Le chemin nous parait sans fin et descend, beaucoup trop a notre gout, a tel point qu´on pense qu´on a loupe la grotte et qu´on va se retrouver dans la vallee, avec l´obligation de tout remonter. Mais on croise deux personnes qui nous confirment qu´on est sur le bon chemin, encore un bon quart d´heure. En revanche elles n´ont pas trouve la route pour faire le tour. Aie ! Au bout de nos peines, on decouvre le temple de la lune, construit autour et sous une grosse roche qui fait office de caverne. On nous dit que la grosse grotte est un peu plus loin. Ouais, rien de plus. Bonne nouvelle, il y a bien un chemin qui monte tout en haut d´ici, et ce jusqu´au sommet. La remontee est terrible, c´est super abrupte, il fait chaud. Sur la fin, on a le droit a deux echelles en rondins de bois, dont une tres perilleuse surtout avec la fatigue d´une heure de grimpette. Enfin on est recompense, on atteint le sommet, comme beaucoup apparemment... On profite du point de vue en dejeunant. Le temps bascule alors, le soleil qui nous accompagnanit plus ou moins est remplace par des nuages bien gris. On remballe vite les sacs et les premieres gouttes commencent a tomber. C´est une descente vertigineuse sur des pierres glissantes qui nous attend. On aura au moins profiter du spectacle, un peu. On ne sait pas vraiment quels sont les edifices en haut, ca manque cruellement d´explications.
On retourne en ville, si je puis dire, il y a toujours du monde, malgre la pluie. Le poncho est de rigueur. On visite la partie superieure au milieu des groupes et de leur guide. C´est etonnant car ils ne disent pas tous la meme chose. En fait, je crois que personne ne sait et que meme les deux trois indications sur la brochure, ne sont que pures speculations pour donner des noms aux quartiers et edifices. Ainsi le temple du soleil est rikiki, mais c´est le seul de forme arrondi. Il y a aussi des pierres energisantes qui ont ete taillees de la forme des montagnes environnantes. Le principal cadran solaire, lui fait parti de la montagne, il s´agit de la roche qui a ete directement sculptee. On est fatigue, mais j´ai envie de voir la porte du soleil, de l´autre cote de la cite par rapport au Wayna Picchu.

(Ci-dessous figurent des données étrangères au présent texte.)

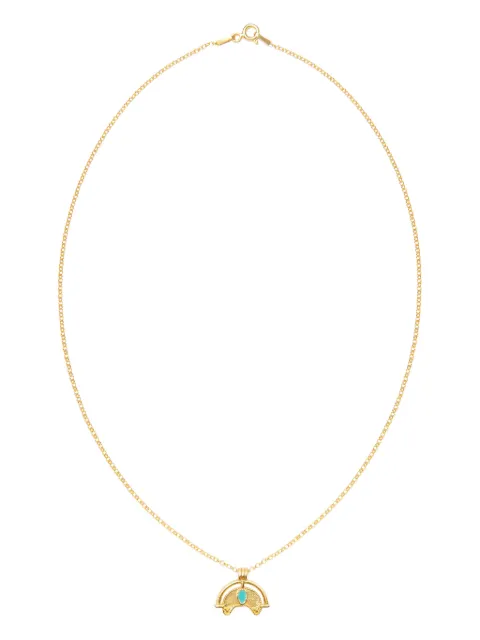 CHRONOS collar en plata de ley con dije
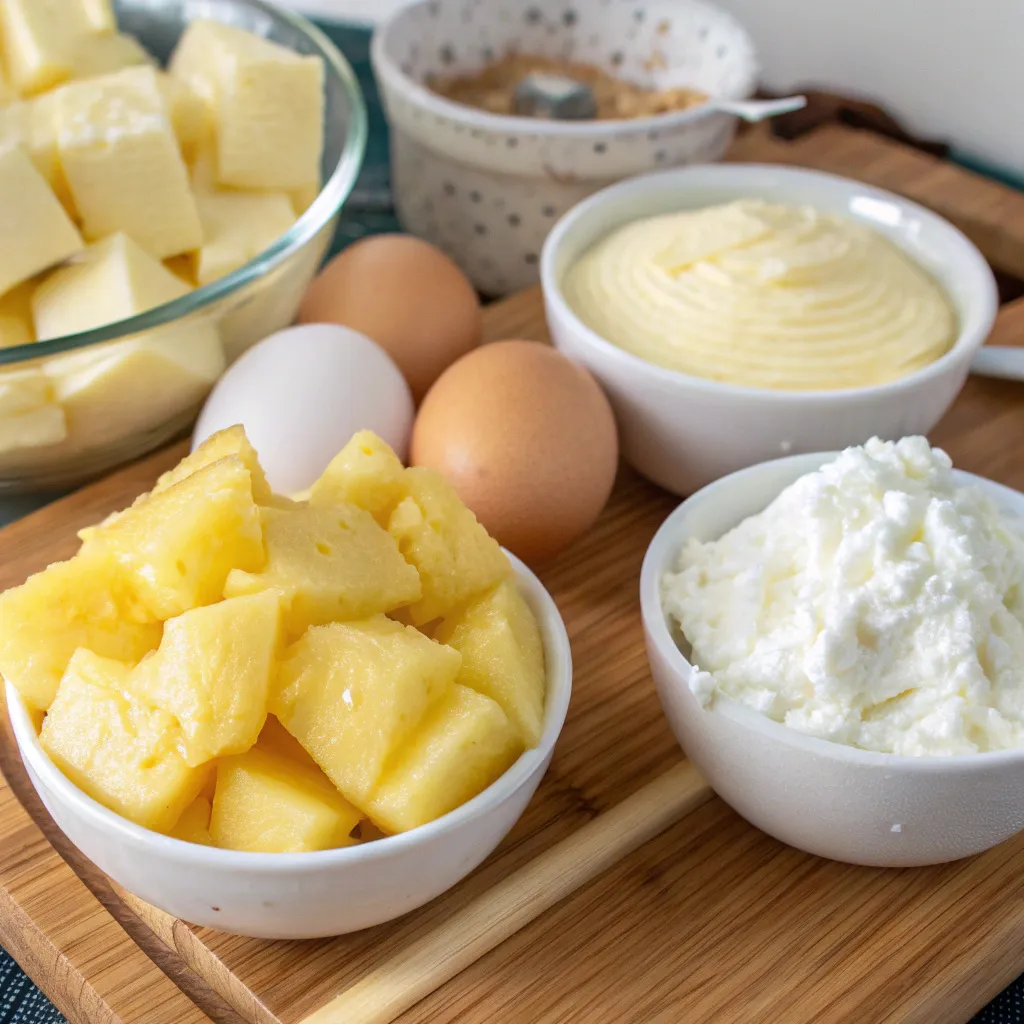 Pineapple Cream Cheese Pound Cake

Un autre reproche que l´on peut faire, c´est qu´il n´y a aucune indication de distance ou duree pour aller voir les sites eloignes. Ainsi on part mais on ne sait pas pour combien de temps. Anne-Laure trop fatiguee, s´arrete sur le chemin. On est toujours sous la pluie, mais un brouillard epais a tout enseveli, on ne voit plus rien. La fameuse porte ne m´ apparait que lorsque je suis le nez dessus. Il s´agit en fait d´une construction a plusieurs portes, des arcades quoi, qui marque le passage du col entre deux vallees. Du chemin qui vient de l´autre cote, arrivent les gens qui font le fameux trek, ils sont charges tres leger. Ils ont l´air heureux d´en avoir fini, moi je suis deg pour mes photos, car ils restent plantes la. De toute facon, ca n´en vaut pas la peine et on ne voit rien. Demi tour, retour au machu picchu, on profite de la proche fermeture pour s´y balader une derniere fois. Des lamas sont la pour nous dire au revoir, on quitte les lieux.
Dernier petit coup de gueule avant de partir : il est honteux qu´il n´y ait aucune toilette sur l´ensemble du site. Du coup les gens font partout. Ne vous promenez pas hors des sentiers, vous risqueriez de marcher dedans. Et le pire c´est que pour 40 dol, il faut en rajouter pour faire son petit besoin dans les sanitaires a l´entree. Le machu picchu est vraiment sympa a voir, mais le prix pratique est beaucoup trop eleve (meme pour les peruviens, c´est la moitie des etrangers), surtout vu l´infrastructure mise en place. Le site fait vrai, il est propre, mais l´impression d´ensemble laisse penser a une usine a fric.